In August of 1929, Arabs instigated violence in the Jerusalem area that spread to most of Palestine. The violence began in Jerusalem and soon spread to Hebron, Motza, and Safed, all old Jewish communities in Palestine that supposedly lived in harmony with their Arab neighbors, rather than Zionist settlements.

In Hebron, the Jewish community which had been there for hundreds of years, refused the help proffered by the Haganah underground when it seemed that Arab agitation was beginning. They trusted their neighbors.

The principle instigators were Haj Amin El Husseini and Aref el Aref. Aref el Aref, along with Husseini, had been responsible for previous riots. He had now been appointed district officer of the Beersheba district. Aref el Aref paid a visit to Hebron shortly before the riots and preached an inflammatory sermon on Thursday, August 22. Rumors were spread that the Jews had killed Arabs in Jerusalem, that the Jews had burned down the Al-Aqsa mosque (supposedly this was documented with a fake photo) or that the Jews were planning to build a synagogue near the wailing wall.

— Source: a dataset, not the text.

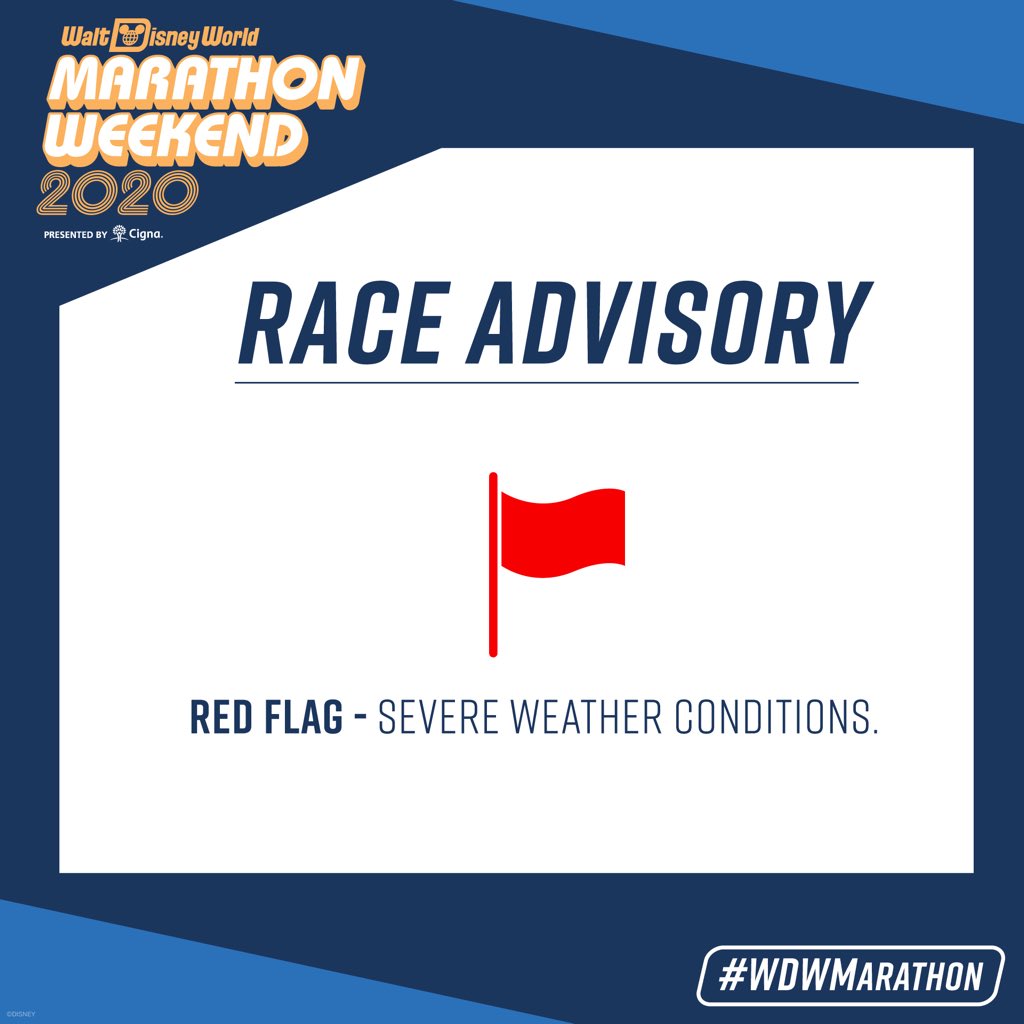runDisney's tweet photo. Given today’s warm weather and the course length, we are modifying the course for our runners’ safety. Even with the modified course – run times will still be recorded and runners will receive medals at the finish line. Please follow the below tips: https://t.co/fo23B1JESo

There are many indications that the Arabs, as well as the British had advance warning of the disturbances, yet the British did nothing to try to head them off. There was one British policeman in Hebron, Raymond Cafferata. He commanded a force of 18 mounted police and 15 on foot. Of these, all but one were Arabs. Eleven were over age  and there was but a single Jew among them.

Beginning about 3 PM on Friday, August 23, there was agitation in Hebron. People returning from prayers in Jerusalem were claiming that the Jews were killing Arabs there. Arabs began stoning the Hebron Yeshiva. An orthodox Yeshiva student tried to leave the Yeshiva building and was stabbed to death. Cafferata now managed to quiet things down for the present.

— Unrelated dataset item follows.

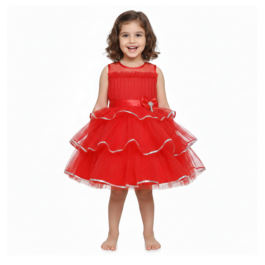 HVM Baby Girls Party Wear Frock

The riots began in earnest, however, on the morning of Saturday, August 24.  Arabs killed 64 to 67 Jews in Hebron and wounded many others.  Babies were beheaded. Old rabbis were castrated. There were incidents of rape, torture and mutilation. Hands and fingers were torn off bodies, apparently for jewelry.

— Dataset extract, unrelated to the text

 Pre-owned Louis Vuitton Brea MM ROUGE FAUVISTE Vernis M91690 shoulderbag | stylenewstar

Cafferata and the Jewish policeman shot at the rioters and killed 8 of them. The Arab policemen fired in the air.  Cafferata called for reinforcements, but these arrived only about noon, five hours later. The British had a total of 292 police in Palestine and were busy dealing with disturbances elsewhere presumably. Cafferata, not a friend of the Jews, testified:

"On hearing screams in a room I went up a sort of tunnel passage and saw an Arab in the act of cutting off a child's head with a sword. He had already hit him and was having another cut, but on seeing me he tried to aim the stroke at me, but missed; he was practically on the muzzle of my rifle. I shot him low in the groin. Behind him was a Jewish woman smothered in blood with a man I recognized as a[n Arab] police constable named Issa Sherif from Jaffa in mufti. He was standing over the woman with a dagger in his hand. He saw me and bolted into a room close by and tried to shut me out-shouting in Arabic, "Your Honor, I am a policeman." ... I got into the room and shot him."
(Bernard Wasserstein, The British in Palestine: The Mandatory Government and the Arab-Jewish Conflict 1917-1929, Oxford England, Basil Blackwell, 1991)

About 435  Jews survived by hiding with their Arab neighbors. They were hidden by 28 families who risked their lives to save the Jews.

About noon, British reinforcements arrived. Arab prisoners were forced to bury the dead in mass graves. They starting singing in celebration during the proceedings.

After visiting Hebron, the High Commissioner John Chancellor wrote to his son:

I do not think that history records many worse horrors in the last few hundred years...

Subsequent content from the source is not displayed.